When was your first balloon ride and what was it like?

My first ride was when I was 17. I had to wait a long time [after my dad got involved in ballooning.] Actually it wasn’t that much fun. I came here for my first Balloon Fiesta with my parents. We had a rather hard landing, which happened a lot in those days. My dad is a big guy—about 250 pounds—and he landed on top of me with cactus on the other side of me. So it wasn’t particularly pleasant.

Are you a full-time pilot?

I am. You can actually make a living at this. I have an FAA-approved flight and ground school where I teach people to fly balloons. And I also fly for Wells Fargo. You know the Wells Fargo stagecoach? Nobody knows it has an actual name. Its name is “Center Stage.” I have two others that I also fly.

What is your favorite special shape?

The stagecoach of course! It’s the one I fly and it is massive. It’s a very difficult balloon to fly. It amazes me that it can fly at all. It doesn’t fly particularly well but if you ever get the chance to look at the inside of it, the engineering on it is just incredible—how they got it to maintain its shape when it’s a great big square thing instead of the teardrop shape, which is the best shape for balloons.
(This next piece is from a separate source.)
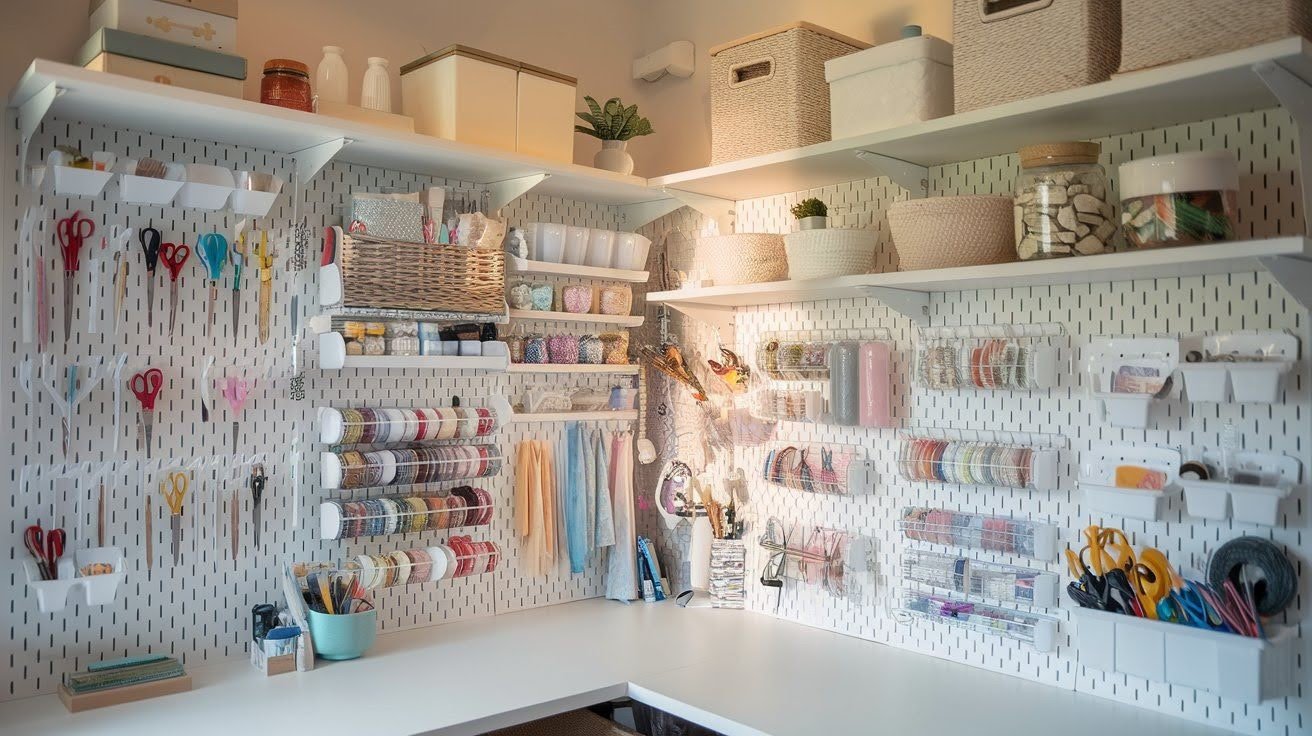 Maximize Vertical and Wall Storage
So the further the shape gets from the teardrop shape, the more difficult it is to fly. The stagecoach is difficult, the Energizer Bunny is difficult.
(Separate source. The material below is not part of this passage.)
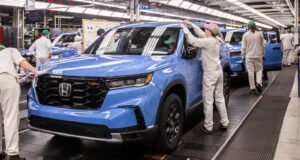 2023 Honda Pilot Production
What exactly makes them difficult to fly?

The stagecoach is a really big balloon so I can be behind a smaller balloon and he’s going one way and I’m going somewhere else because I’m in a different layer of air than he is because I’m so big. It’s also very, very heavy and the heavier the balloon is, the harder it is to fly it. The stagecoach has a lot of dead weight. So, the more things you have at the top of the balloon that can hold air and give you lift, the less difficult it is to fly in some ways. The bunny ears, for example [on the Energizer Bunny] weren’t actually very helpful—they were just there. The wheels—all four of those big wheels on the stagecoach—just add extra weight and no lift to the balloon.
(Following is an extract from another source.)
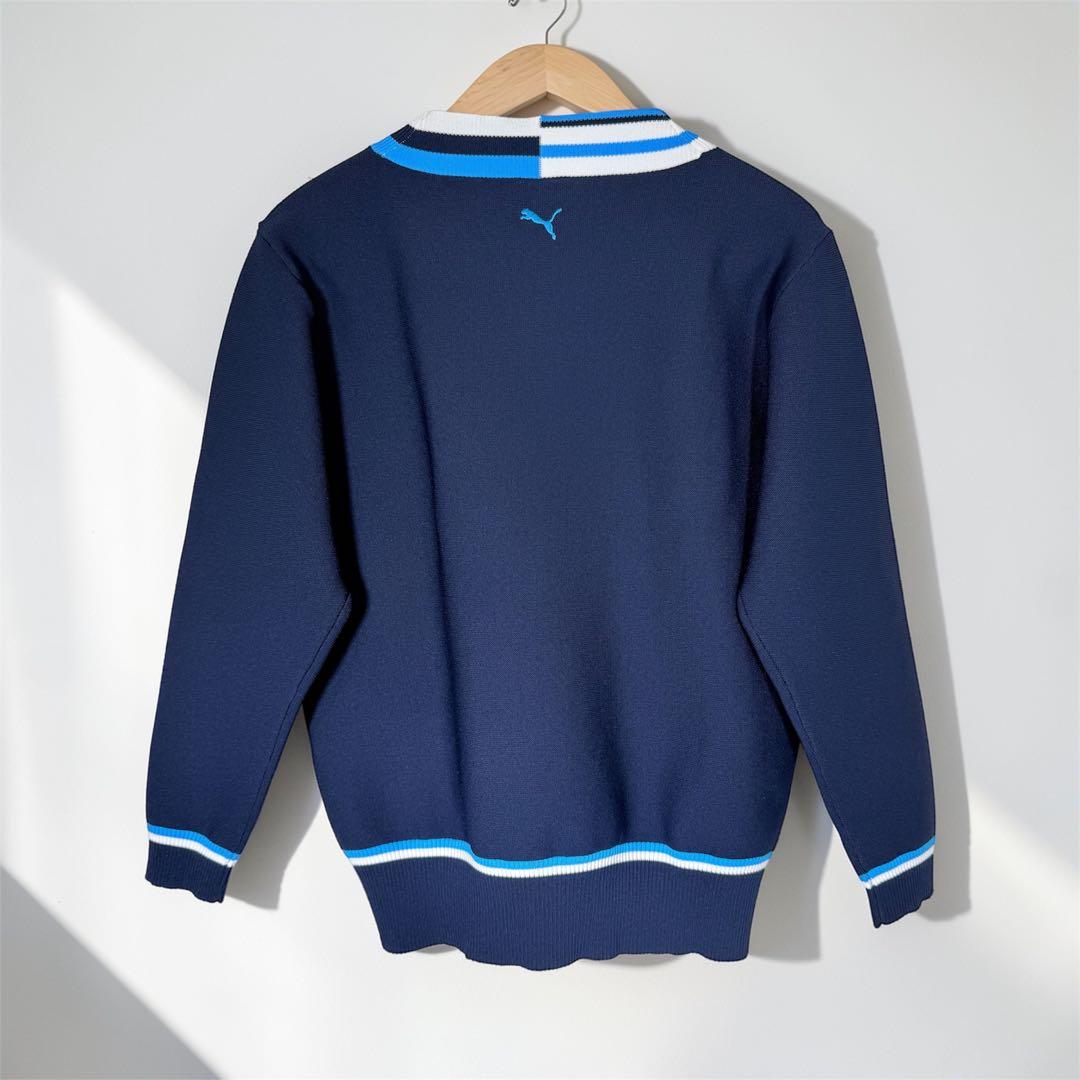 新品 PUMA ゴルフ Vネック ドラマ衣装 ニット スカート 上下セット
Where is the weirdest place you’ve ever landed?

(laughs) In the back of my truck comes to mind at first. Before I moved here, I had a very small crew. Now, everybody has lift-gates on their trucks, but I didn’t have that. I had one crew person come out with me on a paid ride once. And with the two of us, there was no way we could lift it [the balloon] into the back of the truck—it’s heavy. My passengers were older and I didn’t want them to hurt themselves so we just landed in the back of the truck. I came down and he [the crewman] slid it into the bed. On a calm day, I have good control to within two inches.

Have you ever been in a collision or come close to one?

If the envelopes—the fabric part—touch, that’s not a big deal. Pilots sometimes do it on purpose and it’s called “kissing.” You see a lot of kissing during Balloon Fiesta. [But] it’s not real good for the baskets and envelopes to touch because the fabric can tear or the basket can tip, so you try not to do that. There was one guy that made me mad because we were talking to each other, so he knew I was there, and then he dropped down and came up right underneath me. It’s like, what are you doing? It’s not like he didn’t know I was there.

What’s the ballooning community like?

It’s a very small community. Like anything, there’s competition and cliques, but not really here so much as other places. In one of the places I’ve lived, if you had an Aerostar balloon, you did not talk to people who did not have an Aerostar balloon. If you had a Cameron balloon, you only hung out with the Cameron people. That’s just stupid. There’s no reason for that and it’s not like that here. It can’t be like that because there are so many different kinds of balloons here.

Have you ever had a passenger freak out?

Not really. The only possible rough parts are launches and landing, but the rest—you can be going 50 mph and feel like you’re watching the world go by on a cloud. Unless of course you go through a wind shear where the balloon can get twisted about and the basket might move a little bit. Otherwise you’re just hanging there. You can’t get airsick in a balloon for that very reason. You’re not blasting through the sky and trying to beat it into submission; you’re part of the air, you’re part of the sky

What’s your advice for the world?

Everyone should fly in a balloon at least once.